Aim of the exercise: Leave the pictures out and return every line below exactly.

Caption-style text data:
________________
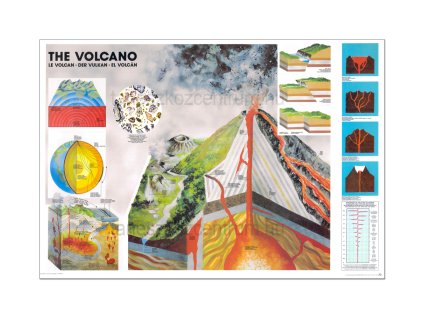 R2999 - Vulkánok működése, fali oktatótabló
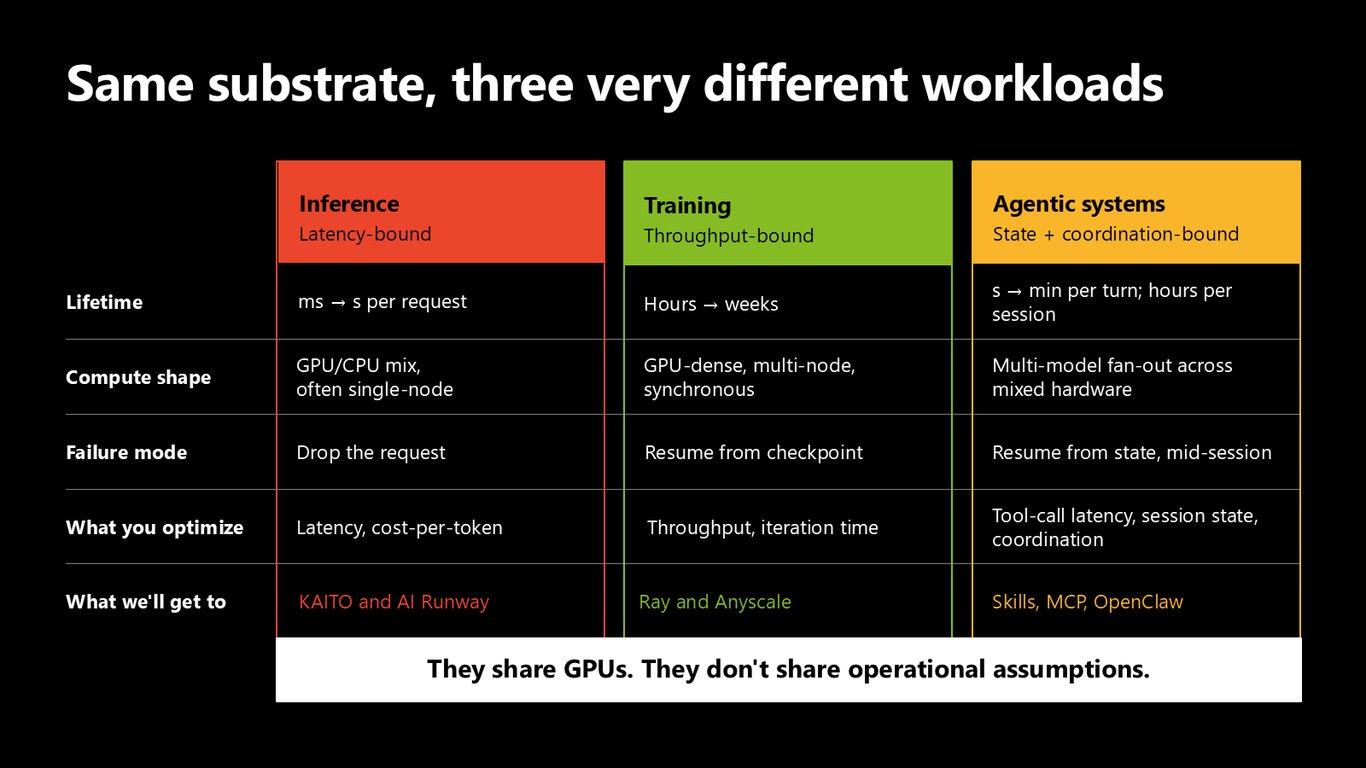 Slide 7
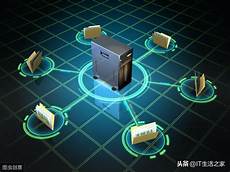 网页空间租用?网页空间租用,我们提供从域名注册、空间租用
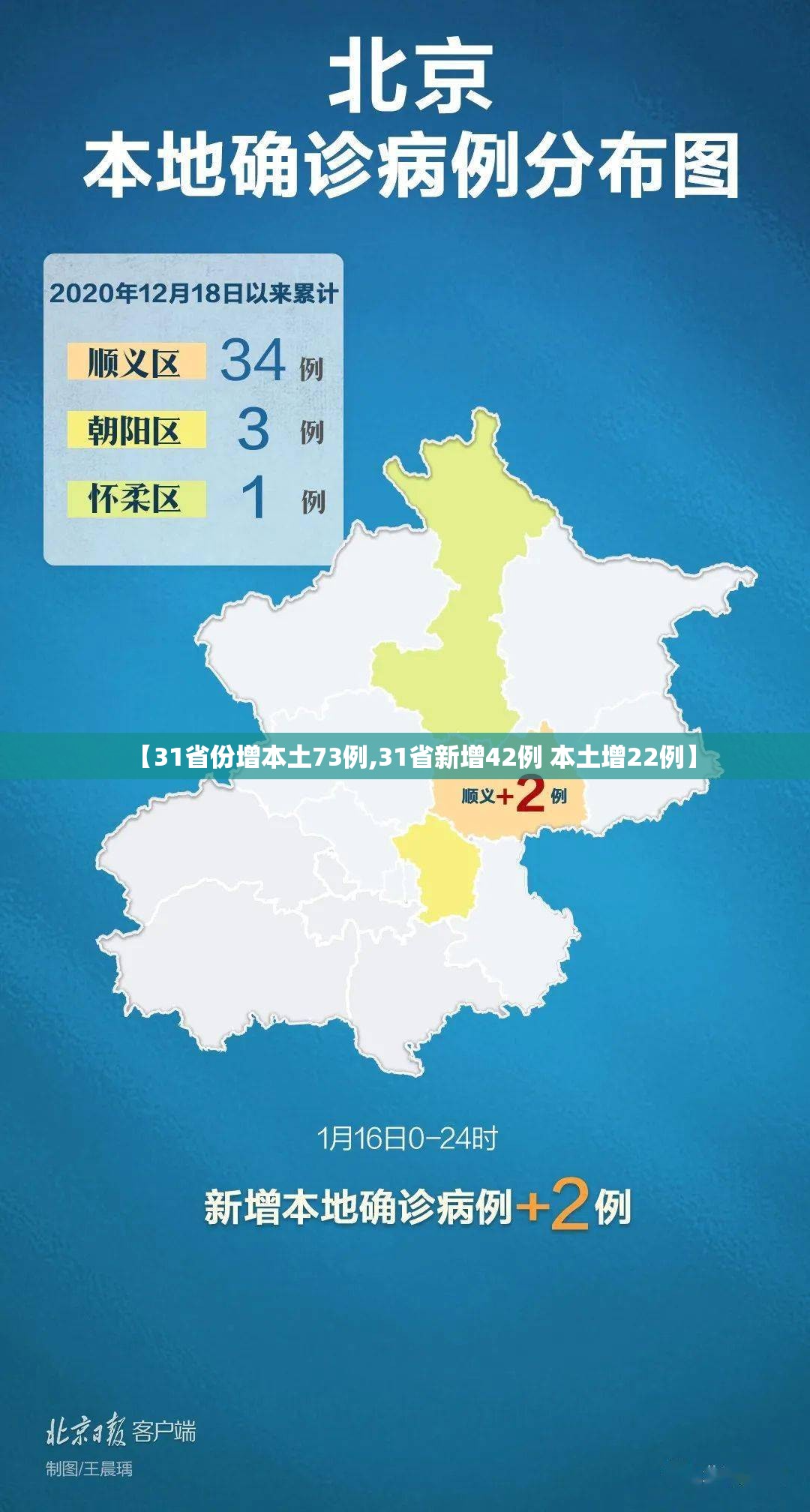 【31省份增本土73例,31省新增42例 本土增22例】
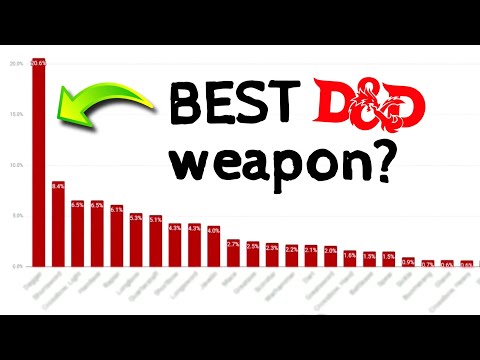 The Shocking Stats behind WEAPON Choice in D&D 5e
________________
Exercise answer:
 R2999 - Vulkánok működése, fali oktatótabló
 Slide 7
 网页空间租用?网页空间租用,我们提供从域名注册、空间租用
 【31省份增本土73例,31省新增42例 本土增22例】
 The Shocking Stats behind WEAPON Choice in D&D 5e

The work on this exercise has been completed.